• Crawled caption data:
━━━━━━━━━━
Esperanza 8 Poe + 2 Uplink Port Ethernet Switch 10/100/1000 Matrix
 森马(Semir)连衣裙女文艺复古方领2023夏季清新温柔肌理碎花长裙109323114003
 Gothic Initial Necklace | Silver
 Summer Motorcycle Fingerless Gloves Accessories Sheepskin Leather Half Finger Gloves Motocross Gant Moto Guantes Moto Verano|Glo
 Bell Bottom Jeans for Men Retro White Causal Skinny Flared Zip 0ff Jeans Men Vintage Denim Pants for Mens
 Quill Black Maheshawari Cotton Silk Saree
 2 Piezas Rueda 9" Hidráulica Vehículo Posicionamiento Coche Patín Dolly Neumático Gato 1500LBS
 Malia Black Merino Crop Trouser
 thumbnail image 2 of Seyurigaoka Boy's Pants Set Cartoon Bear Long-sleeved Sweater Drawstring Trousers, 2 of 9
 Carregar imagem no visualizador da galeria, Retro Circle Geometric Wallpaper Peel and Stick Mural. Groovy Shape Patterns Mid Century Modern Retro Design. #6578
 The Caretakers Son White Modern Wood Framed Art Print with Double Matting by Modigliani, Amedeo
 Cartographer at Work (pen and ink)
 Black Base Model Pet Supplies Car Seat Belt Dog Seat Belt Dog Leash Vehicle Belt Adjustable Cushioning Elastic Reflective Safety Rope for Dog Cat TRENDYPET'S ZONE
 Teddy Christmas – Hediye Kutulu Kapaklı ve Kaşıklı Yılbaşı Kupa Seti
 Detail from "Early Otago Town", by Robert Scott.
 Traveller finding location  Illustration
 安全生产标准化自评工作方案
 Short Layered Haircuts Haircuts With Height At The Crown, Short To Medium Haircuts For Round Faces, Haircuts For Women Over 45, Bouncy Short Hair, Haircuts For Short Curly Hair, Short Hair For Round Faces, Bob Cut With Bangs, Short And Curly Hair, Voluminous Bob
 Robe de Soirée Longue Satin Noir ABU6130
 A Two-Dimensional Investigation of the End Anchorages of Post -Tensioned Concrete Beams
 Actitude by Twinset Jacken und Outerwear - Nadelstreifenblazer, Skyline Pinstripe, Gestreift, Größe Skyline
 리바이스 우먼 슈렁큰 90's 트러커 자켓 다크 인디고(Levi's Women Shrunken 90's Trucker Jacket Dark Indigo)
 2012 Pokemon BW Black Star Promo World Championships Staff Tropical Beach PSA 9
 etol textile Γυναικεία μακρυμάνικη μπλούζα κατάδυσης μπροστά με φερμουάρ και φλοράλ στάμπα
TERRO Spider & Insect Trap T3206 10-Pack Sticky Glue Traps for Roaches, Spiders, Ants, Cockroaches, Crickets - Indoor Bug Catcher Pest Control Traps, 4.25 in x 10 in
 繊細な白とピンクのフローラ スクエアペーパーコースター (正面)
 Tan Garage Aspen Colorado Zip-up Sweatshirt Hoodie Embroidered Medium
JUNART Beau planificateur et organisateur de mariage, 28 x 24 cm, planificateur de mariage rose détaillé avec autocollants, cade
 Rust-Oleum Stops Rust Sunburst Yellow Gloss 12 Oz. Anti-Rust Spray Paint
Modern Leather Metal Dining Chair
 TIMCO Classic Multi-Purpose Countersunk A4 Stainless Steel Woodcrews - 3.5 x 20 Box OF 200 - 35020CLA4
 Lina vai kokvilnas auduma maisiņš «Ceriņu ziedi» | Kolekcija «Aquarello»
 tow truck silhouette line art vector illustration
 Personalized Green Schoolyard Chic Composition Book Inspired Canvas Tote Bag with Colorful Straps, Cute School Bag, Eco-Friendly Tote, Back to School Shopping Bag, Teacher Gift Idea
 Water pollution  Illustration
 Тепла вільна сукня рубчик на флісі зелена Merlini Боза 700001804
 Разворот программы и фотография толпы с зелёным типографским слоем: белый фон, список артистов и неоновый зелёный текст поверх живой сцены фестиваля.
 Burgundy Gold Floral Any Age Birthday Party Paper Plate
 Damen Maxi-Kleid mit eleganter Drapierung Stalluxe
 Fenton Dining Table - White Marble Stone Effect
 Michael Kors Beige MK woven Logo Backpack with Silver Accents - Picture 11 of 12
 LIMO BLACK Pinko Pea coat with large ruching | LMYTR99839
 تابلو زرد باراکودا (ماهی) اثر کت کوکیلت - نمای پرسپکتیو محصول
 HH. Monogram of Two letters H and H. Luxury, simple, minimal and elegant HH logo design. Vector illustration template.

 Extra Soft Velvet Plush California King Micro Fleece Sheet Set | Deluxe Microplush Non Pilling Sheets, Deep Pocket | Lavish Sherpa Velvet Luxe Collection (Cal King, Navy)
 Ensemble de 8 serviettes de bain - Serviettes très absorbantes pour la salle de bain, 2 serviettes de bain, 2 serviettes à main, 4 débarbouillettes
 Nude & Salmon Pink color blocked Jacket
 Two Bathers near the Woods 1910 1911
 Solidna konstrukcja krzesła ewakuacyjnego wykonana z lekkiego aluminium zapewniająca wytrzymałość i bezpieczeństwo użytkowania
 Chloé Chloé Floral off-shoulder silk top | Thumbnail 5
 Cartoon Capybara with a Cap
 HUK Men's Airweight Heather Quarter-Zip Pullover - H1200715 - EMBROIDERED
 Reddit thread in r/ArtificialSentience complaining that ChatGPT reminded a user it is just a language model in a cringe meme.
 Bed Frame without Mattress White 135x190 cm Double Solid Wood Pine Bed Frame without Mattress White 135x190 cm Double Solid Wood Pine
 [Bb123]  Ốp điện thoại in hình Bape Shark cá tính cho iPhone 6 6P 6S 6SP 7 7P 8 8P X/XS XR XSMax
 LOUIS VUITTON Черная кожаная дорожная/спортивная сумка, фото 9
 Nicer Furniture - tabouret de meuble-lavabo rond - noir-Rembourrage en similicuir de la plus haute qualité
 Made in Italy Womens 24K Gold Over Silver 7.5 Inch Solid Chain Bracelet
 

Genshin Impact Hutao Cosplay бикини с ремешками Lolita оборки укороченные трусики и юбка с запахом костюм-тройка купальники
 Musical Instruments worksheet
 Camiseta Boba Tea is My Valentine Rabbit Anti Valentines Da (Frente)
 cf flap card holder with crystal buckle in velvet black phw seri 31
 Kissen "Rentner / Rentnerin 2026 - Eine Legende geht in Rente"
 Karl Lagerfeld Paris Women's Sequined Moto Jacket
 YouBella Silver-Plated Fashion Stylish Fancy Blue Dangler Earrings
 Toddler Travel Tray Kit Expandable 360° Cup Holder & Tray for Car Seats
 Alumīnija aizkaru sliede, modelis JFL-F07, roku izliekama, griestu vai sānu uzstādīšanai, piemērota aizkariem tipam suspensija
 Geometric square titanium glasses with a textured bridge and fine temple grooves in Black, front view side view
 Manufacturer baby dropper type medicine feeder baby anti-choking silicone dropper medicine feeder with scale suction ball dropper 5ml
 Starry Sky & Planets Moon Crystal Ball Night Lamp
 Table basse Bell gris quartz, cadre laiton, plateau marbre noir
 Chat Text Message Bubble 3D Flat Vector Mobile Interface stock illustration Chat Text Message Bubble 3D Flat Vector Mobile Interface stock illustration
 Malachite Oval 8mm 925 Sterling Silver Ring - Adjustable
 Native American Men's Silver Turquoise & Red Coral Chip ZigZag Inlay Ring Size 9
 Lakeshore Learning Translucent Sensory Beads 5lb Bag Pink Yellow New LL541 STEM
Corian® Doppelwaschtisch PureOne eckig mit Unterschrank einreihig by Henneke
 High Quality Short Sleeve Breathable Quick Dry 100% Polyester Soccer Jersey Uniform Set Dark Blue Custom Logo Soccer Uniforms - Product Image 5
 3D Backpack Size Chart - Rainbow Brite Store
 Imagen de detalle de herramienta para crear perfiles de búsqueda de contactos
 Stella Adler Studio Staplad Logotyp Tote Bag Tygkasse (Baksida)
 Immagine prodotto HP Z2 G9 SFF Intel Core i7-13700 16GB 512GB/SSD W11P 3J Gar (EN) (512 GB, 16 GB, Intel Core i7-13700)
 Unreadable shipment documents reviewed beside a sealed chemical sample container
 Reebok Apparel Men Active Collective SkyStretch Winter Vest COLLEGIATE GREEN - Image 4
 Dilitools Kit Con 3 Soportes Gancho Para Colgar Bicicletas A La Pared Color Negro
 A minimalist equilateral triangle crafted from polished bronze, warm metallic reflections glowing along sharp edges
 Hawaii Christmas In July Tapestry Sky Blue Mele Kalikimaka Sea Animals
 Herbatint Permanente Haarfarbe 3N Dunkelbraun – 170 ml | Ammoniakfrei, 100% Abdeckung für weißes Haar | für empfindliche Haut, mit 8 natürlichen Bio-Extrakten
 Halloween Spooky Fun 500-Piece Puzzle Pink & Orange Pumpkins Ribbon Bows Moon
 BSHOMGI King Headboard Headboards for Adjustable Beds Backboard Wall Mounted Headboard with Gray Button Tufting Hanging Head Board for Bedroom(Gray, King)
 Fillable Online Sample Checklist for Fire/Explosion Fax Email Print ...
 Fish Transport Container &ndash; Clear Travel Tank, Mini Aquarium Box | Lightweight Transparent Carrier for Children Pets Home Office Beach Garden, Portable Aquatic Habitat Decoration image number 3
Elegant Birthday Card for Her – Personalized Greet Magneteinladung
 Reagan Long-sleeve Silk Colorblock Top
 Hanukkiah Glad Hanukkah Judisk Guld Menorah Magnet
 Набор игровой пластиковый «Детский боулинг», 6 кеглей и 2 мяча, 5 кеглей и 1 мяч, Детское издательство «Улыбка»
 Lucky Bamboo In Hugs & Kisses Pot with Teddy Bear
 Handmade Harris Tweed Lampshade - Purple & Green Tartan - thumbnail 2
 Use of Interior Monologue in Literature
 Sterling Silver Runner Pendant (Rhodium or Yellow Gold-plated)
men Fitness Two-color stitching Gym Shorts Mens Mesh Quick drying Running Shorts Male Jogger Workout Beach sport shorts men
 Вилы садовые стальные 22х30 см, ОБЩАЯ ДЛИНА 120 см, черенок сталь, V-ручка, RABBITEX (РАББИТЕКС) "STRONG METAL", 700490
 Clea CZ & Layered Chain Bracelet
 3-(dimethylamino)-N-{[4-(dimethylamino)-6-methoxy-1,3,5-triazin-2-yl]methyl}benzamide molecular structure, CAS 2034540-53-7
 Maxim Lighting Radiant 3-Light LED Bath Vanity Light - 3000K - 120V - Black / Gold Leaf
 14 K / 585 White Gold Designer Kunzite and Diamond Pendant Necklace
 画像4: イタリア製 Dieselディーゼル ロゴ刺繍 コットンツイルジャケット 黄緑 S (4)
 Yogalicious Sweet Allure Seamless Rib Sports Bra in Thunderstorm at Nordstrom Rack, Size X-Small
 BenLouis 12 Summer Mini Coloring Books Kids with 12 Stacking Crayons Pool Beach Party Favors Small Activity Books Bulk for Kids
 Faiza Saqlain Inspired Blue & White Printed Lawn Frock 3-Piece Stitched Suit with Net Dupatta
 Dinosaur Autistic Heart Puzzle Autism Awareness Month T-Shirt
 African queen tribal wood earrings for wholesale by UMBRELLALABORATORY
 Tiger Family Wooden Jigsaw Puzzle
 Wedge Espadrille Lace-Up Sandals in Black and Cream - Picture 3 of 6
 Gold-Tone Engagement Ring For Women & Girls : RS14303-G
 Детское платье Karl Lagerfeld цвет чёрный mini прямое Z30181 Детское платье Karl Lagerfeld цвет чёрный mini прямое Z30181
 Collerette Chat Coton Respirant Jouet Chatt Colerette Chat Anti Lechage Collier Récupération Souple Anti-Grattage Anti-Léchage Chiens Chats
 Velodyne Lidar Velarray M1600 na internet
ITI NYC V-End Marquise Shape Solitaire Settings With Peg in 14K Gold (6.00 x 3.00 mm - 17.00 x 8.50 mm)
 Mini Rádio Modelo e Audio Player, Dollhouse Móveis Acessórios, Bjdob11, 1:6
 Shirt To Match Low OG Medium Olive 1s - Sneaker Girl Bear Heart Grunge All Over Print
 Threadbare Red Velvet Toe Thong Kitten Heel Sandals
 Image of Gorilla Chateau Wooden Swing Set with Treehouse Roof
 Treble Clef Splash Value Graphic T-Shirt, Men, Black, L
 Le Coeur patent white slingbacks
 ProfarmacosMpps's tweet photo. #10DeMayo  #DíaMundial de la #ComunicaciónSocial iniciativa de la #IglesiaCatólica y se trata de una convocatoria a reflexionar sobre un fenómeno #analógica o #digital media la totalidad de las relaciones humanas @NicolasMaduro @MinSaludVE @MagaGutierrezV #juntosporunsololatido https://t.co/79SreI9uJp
━━━━━━━━━━
• EXERCISE DESCRIPTION: Give only the lines from the one holding "Tiger Family Wooden Jigsaw Puzzle" through the one holding "Mini Rádio Modelo", each restated exactly as it appears above.

• TASK SOLUTION:
 Tiger Family Wooden Jigsaw Puzzle
 Wedge Espadrille Lace-Up Sandals in Black and Cream - Picture 3 of 6
 Gold-Tone Engagement Ring For Women & Girls : RS14303-G
 Детское платье Karl Lagerfeld цвет чёрный mini прямое Z30181 Детское платье Karl Lagerfeld цвет чёрный mini прямое Z30181
 Collerette Chat Coton Respirant Jouet Chatt Colerette Chat Anti Lechage Collier Récupération Souple Anti-Grattage Anti-Léchage Chiens Chats
 Velodyne Lidar Velarray M1600 na internet
ITI NYC V-End Marquise Shape Solitaire Settings With Peg in 14K Gold (6.00 x 3.00 mm - 17.00 x 8.50 mm)
 Mini Rádio Modelo e Audio Player, Dollhouse Móveis Acessórios, Bjdob11, 1:6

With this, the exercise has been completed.